Well, I think the most important thing we can do to increase shareholder value at this point is continue to develop, optimize the system that we’re working on. And so we’re very aggressively pursuing that. In the past, I have had discussions with some of the growing organizations. They weren’t specifically asking me about biosynthesis. They were simply asking, can I supply bulk THC or CBD for their needs. And we weren’t at that stage and are not in a position to do this at commercial scale yet. So we put those discussions on hold. But over the course of the next year, we’re aggressively pursuing the scale-up of our technology and we’ll be in a much better position to have those conversations a year from now.

And what as far as the supplements and those kinds of things like – is there any plans ongoing into the recreational market as a separate standalone business?

Well, I think when we talk about a standalone business at some point, the question will become, do we continue to have the biosynthesis as an integrated part of InMed, or do we spin that out into its own entity? And so that it can grow and – at its own rate, and that may be the best way to maximize shareholder value. We haven’t done any analysis on that yet. But at some point, I guess, it comes down to which cannabinoids people need to access and what the production costs of those are? For supplements or the edible market, I think, costs will be an overriding factor. So as we learn more about our system, we’ll understand the cost structure much better and we’ll be able to answer those kinds of questions later on.

Okay, great.

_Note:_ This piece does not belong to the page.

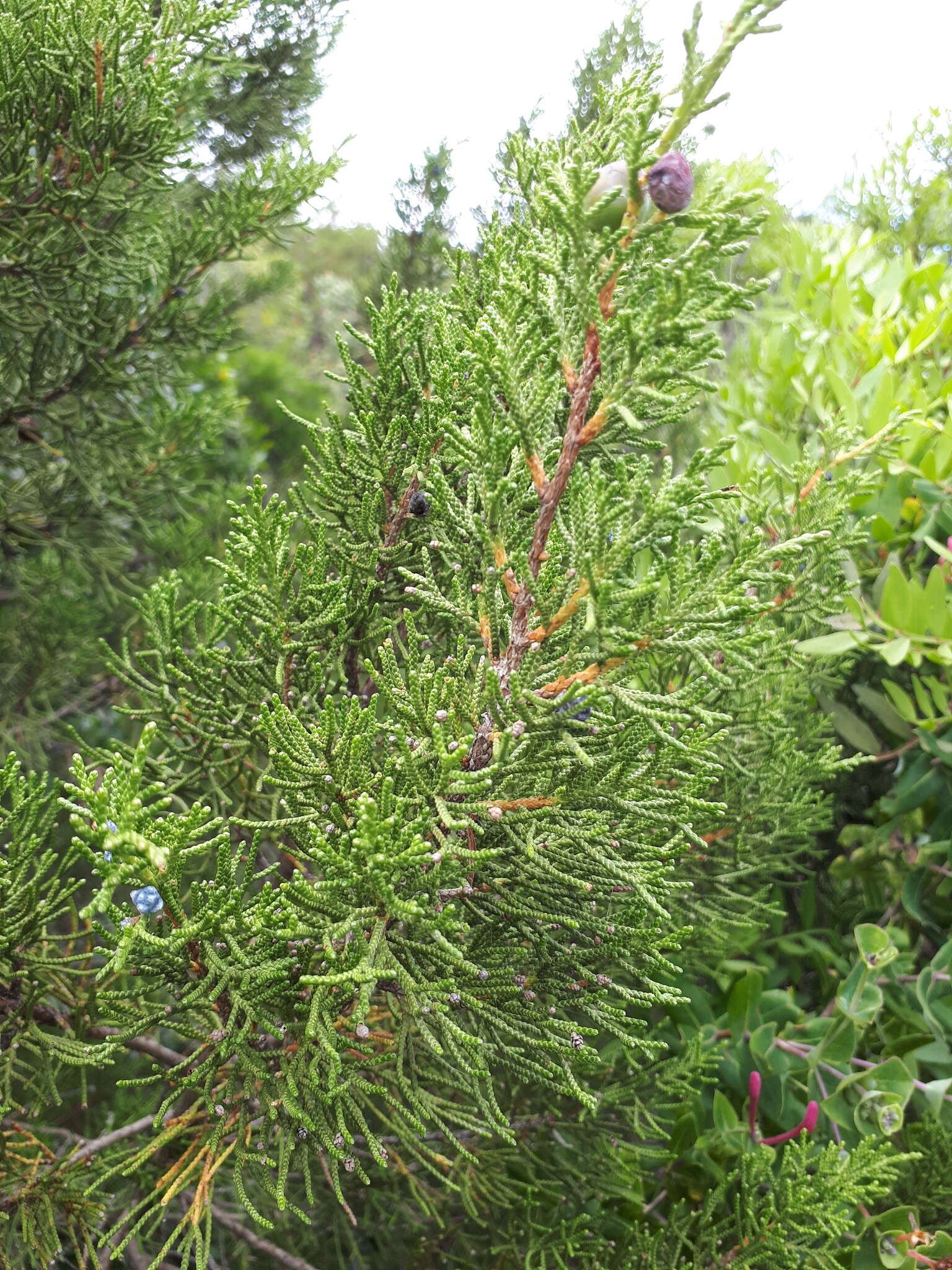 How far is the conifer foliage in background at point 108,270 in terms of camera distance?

And then one last final question. Is the cannabinoids that we’re synthesizing, are they water soluble?

That’s above my pay grade.

[Multiple Speakers] I mean, some of these liked to be used in the food and beverage markets?

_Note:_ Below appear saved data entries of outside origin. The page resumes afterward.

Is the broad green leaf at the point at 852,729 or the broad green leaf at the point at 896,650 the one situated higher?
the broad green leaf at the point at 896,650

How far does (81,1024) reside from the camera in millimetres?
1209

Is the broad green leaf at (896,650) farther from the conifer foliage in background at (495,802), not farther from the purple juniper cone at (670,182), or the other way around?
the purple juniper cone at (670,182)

Yes, I can’t really comment on that, sorry.

Okay, great. Thanks.

Your next question comes from Terry Jones, an Investor. Please go ahead.

Yes. Is Dr. Ado Mohammed still with the company? And will he continue to play a pivotal role in bringing some of the cannabinoid-based drugs to the market, as he has done with GW Pharmaceuticals?

Yes, I already addressed that in my discussion. He has transitioned to the role of a Senior Consultant, and his role with the company remains essentially unchanged.

Okay. Thank you.

Thank you. Your next question is from Michael Freeman from Paradigm Capital. Michael, please go ahead.

Hi, guys, Michael Freeman here. I’m wondering if you could comment on your recent patent applications and the scope of IP that you are – that you’ve intended to protect through those applications?

Absolutely. Well, the company currently has three PCT filings, patent application filings. One for diseases related to EB, the second one for our Hydrogel Formulation for Glaucoma. And the most recent one was the conversion of a provisional patent for the biosynthesis program. Going forward, and over the course of the next year, we’re going to have additional patents, PCT filings, as well as provisional patents. They’re all in the work and in the hopper now. And as this data becomes available, we’ll be seeking patent protection for that. In particular, there’s a number of different patents that we will be seeking for the biosynthesis program, in particular. We are formulating those now. Those are very novel, deep science-type patents that we think will provide adequate protection for the use of E. coli in the production of cannabinoids. So that’s going to be a very valuable patent family. In addition to that, we have a patent for pain that’s coming up for conversion, and some other ones that I can’t go into detail on, but we will be – we’re seeking protection over the course of the next year.

Yes, very good. I expect these to be crucial. Thank you for giving some color on that.

All right. Thank you, Michael.

Thank you. [Operator Instructions] At this time, there are no further questions. I will now turn it back over for closing comments.

Well, thanks so much everybody for calling in. If you have further questions or comments, please feel free to e-mail me directly at jblacher@inmedpharma.com. Have a nice day.

Ladies and gentlemen, this concludes today’s conference call. We thank you for participating, and we ask that you please disconnect your lines.